Elle pourrait être, cette femme qui est La femme, l'institutrice que j'ai eu lorsque je suis allé à l'école pour la première fois... Alors elle serait forcément très belle et très bien habillée (elle l'était)...
Elle pourrait être aussi ma mère, dont je ne verrai jamais la vieillesse et qui elle non plus, ne me verra pas vieillir parce qu'elle morte...
Elle pourrait être l'une ou l'autre de ces femmes que j'ai dans ma vie une fois, une seule fois même, regardé, et dont je n'ai jamais oublié le visage...
Je ne sais pas si je suis amoureux de cette femme comme quand on veut “se la faire”... C'est autre chose, tout autre chose encore et bien delà... C'est indéfinissable...
C'est comme une sorte d'histoire qui ne peut pas être écrite dans un livre ni racontée avec un début, des chapitres et une fin... L'histoire d'ailleurs – si histoire il y a – est comme une “Terre à faire” dont la géographie n'est pas assise “pour toujours et à jamais” sur un magma de roches en fusion tenant lieu de siège...
Et mon “Bon-Dieu” c'est cette femme... La femme.

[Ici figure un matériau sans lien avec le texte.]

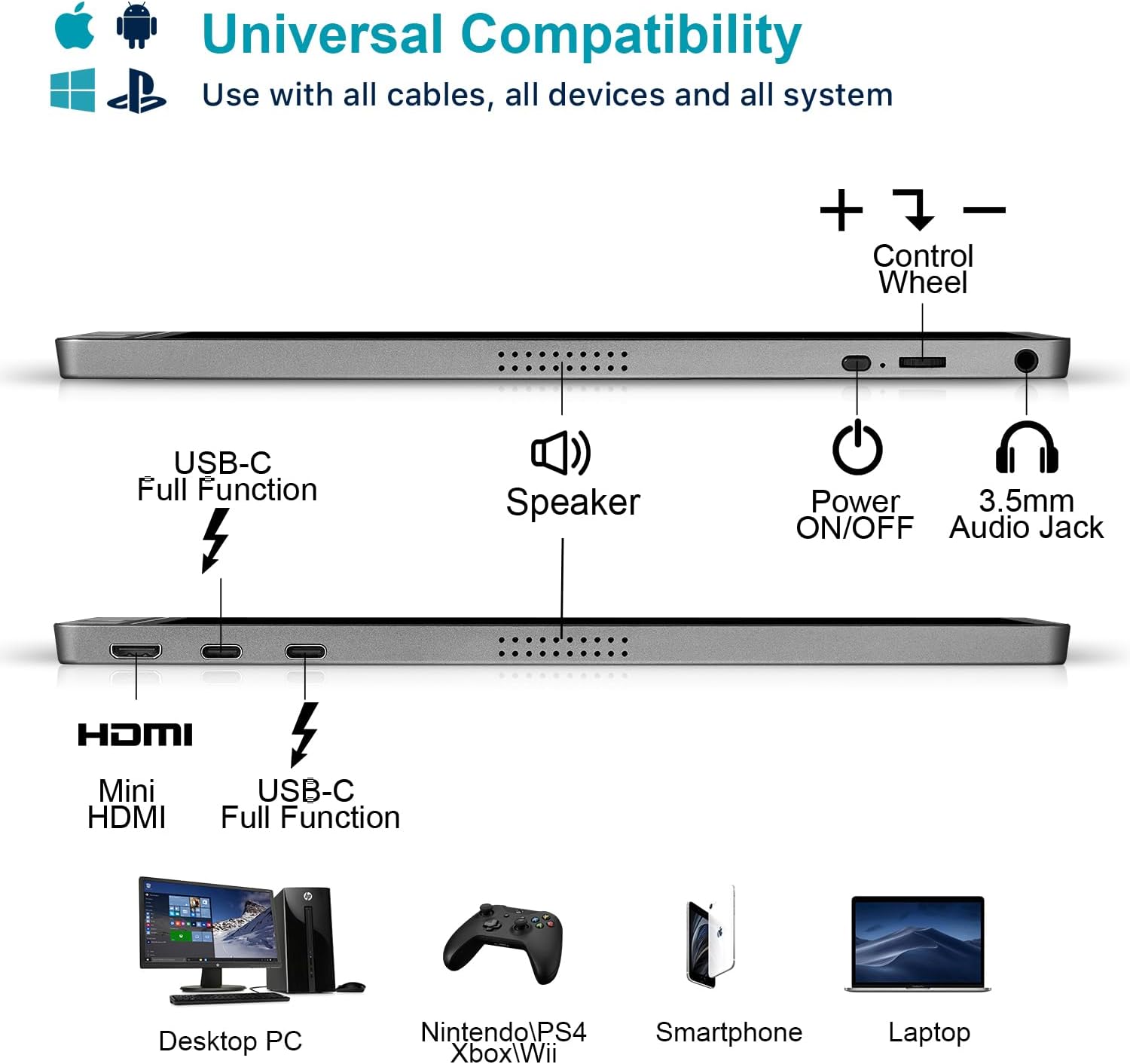 KYY Portable Monitor 15.6inch 1080P FHD USB-C, HDMI Computer Display HDR IPS Gaming Monitor w/Premium Smart Cover  Screen Protector, Speakers, for Laptop PC MAC Phone PS4 Xbox Switch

Et à cette femme j'écris...
Je lui ai fait – je lui fais- une lettre de quelques milliers de pages...
... Mais puis-je "tout lui dire", à cette femme ? Dans cette "lettre de quelques milliers de pages" dont les éclats de mots peuvent être trouvés dans la rue, sur le bord des fenêtres ou devant des portes ouvertes ou fermées, par des êtres qui ne "seraient pas comme cette femme"?...
Tout réside en fait, dans la manière dont la lettre est tournée... À savoir si cette lettre contient surtout les mots qui flattent et conviennent aux masses en étant "la mieux tournée possible" et "la mieux dans le sens où tourne le monde"... Ou si cette lettre contient les mots qui "déterrent ou écartent les ronces".

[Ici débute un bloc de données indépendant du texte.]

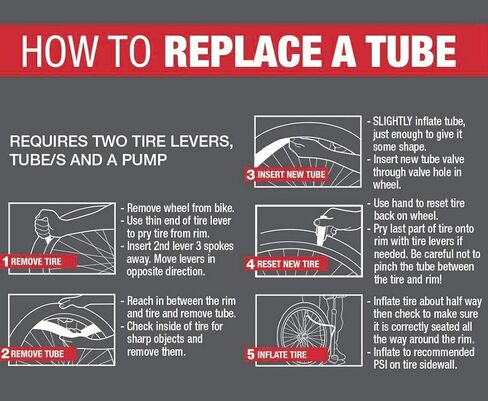 2 حزمة من الأنابيب الداخلية للدراجة 20 × 1.75/2.125 صمام شريدر 33 مم 20 بوصة بالإضافة إلى شريطين لإطارات الدراجة متوافق مع أنابيب الدراجات 20 × 1.75 20 × 1.9 20 × 1.95 20 × 2.0 20 × 2.125 in Kuwait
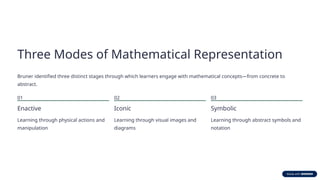 Iconic Learning Bruners-Discovery-Learning-Theory...pptx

Et les mots qui déterrent ou écartent les ronces sont précisément les mots qui, aussi, font sauter les cailloux à la tête, et en écartant les ronces, déchirent la peau...
La femme, cette femme qui est comme un seul visage de milliers de visages, à laquelle j'écris une lettre de quelques milliers de pages, n'est pas une "poupée de porcelaine de vitrine magique" ni une "maîtresse dont on trousse les dessous dans une voiture"... C'est, cette femme, une femme libre et non soumise, et dont le "non" qu'elle dit est aussi précieux, aussi grave et aussi vrai, que le "oui" qu'elle dit...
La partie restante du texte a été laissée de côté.